Work instructions:
Give back the exact lines of the material below from the one containing "Interpolation. Welcome to" through the one containing "Hello everyone and", and no pictures.

━━━━━ Records supplied

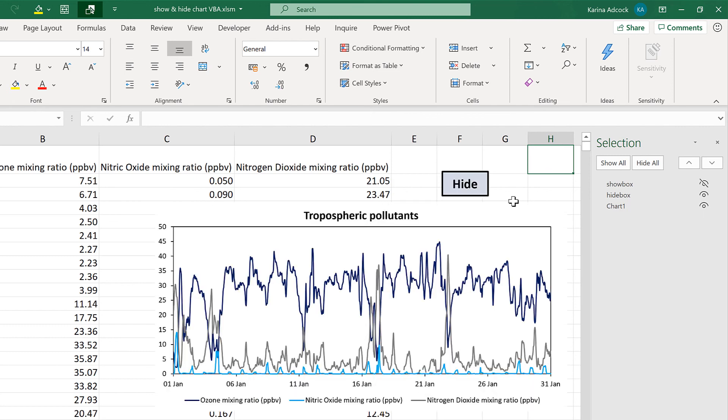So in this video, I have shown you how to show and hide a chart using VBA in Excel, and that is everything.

━━━━━━━━━━
━━━━━ Records supplied

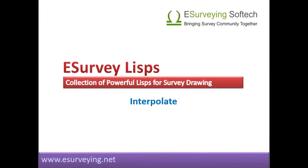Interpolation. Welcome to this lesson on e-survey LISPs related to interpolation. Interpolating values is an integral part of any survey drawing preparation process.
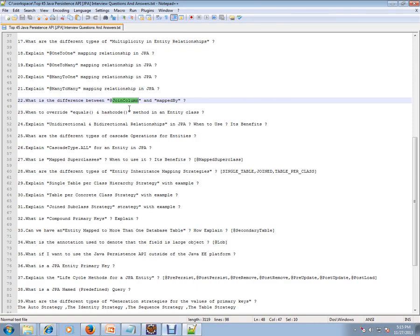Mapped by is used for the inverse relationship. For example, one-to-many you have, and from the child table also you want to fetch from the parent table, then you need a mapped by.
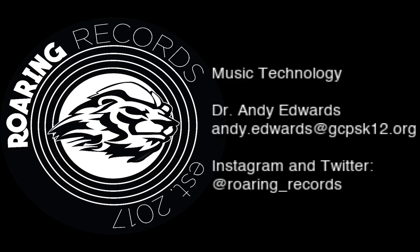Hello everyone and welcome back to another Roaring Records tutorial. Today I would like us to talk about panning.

━━━━━━━━━━

Result:
Interpolation. Welcome to this lesson on e-survey LISPs related to interpolation. Interpolating values is an integral part of any survey drawing preparation process.
Mapped by is used for the inverse relationship. For example, one-to-many you have, and from the child table also you want to fetch from the parent table, then you need a mapped by.
Hello everyone and welcome back to another Roaring Records tutorial. Today I would like us to talk about panning.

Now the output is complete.